General Manuel Contreras, the former chief of the Chilean secret police, Dina, was indicted seven years ago for masterminding the extermination of General Pinochet's critics abroad. He will be transferred next Monday from a military base, where he has been held since 1993, to Punta Peuco, a Santiago prison. Judge Joaquin Billard will then open a sealed envelope from the Washington DC federal court and question Contreras in detail about the conspiracy against Mr Letelier.

The US Justice Department has prepared similar envelopes for over 40 subpoenaed witnesses, and the FBI has also sent investigators to Santiago for informal questioning of military officers who may have been in close contact with General Pinochet in the weeks before the car bomb. Neither the FBI agents nor the US prosecutors will be allowed in the courtroom, where American interests will be represented by a Chilean attorney.

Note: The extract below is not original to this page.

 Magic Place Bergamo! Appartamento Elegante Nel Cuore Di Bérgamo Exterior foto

A CIA report which was compiled in 1978 and recently declassified, stated: "None of the government's critics and few of its supporters would be willing to swallow claims that Contreras acted without presidential concurrence."

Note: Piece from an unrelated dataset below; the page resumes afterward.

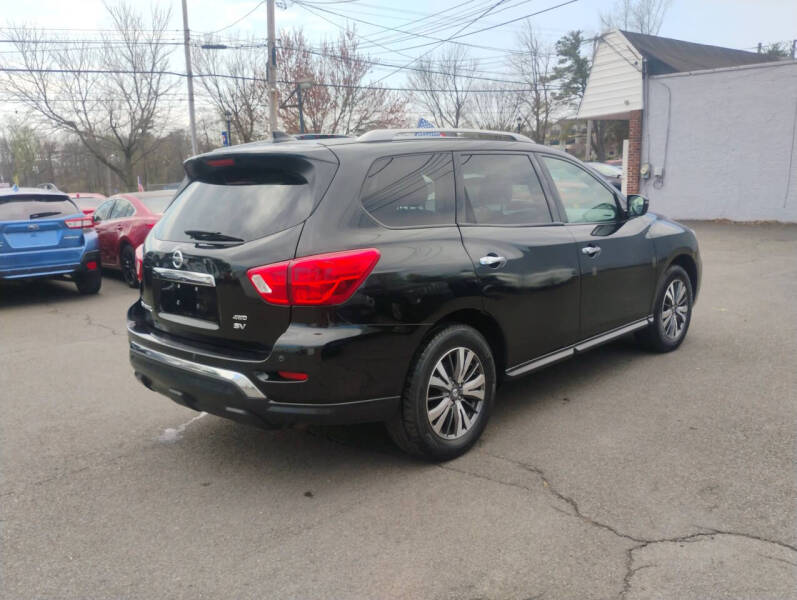2020 Nissan Pathfinder SV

Isabel Letelier, the former ambassador's widow, was exiled in Washington for 30 years, but now lives in Santiago. She said the new centre-left government in Chile seemed committed to co-operating with the American investigators.

"The wheels of justice sometimes are very slow," Mrs Letelier told the The Washington Post, after a senior Justice Department official assured her that the US government would now "vigorously" pursue those responsible for her husband's death. "I only have the conviction that Pinochet was behind many murders, and my husband's is one of them," she said.

Prosecutors have been unable to prove that the dictator expressly authorised Mr Letelier's assassination. Yet an affidavit, written in 1978 by the head of Dina operations, General Pedro Espinoza, recently emerged. It states that the operation was ordered by the president of Chile, according to John Dinges, a journalist who claims a Chilean reporter gave him the crucial document.

Earlier trials concluded that Mr Letelier's Chevrolet was blown up by remote control. The ex-ambassador died instantly; Ms Moffitt, a colleague at a Washington think-tank, was hit in the neck by a piece of shrapnel and bled to death.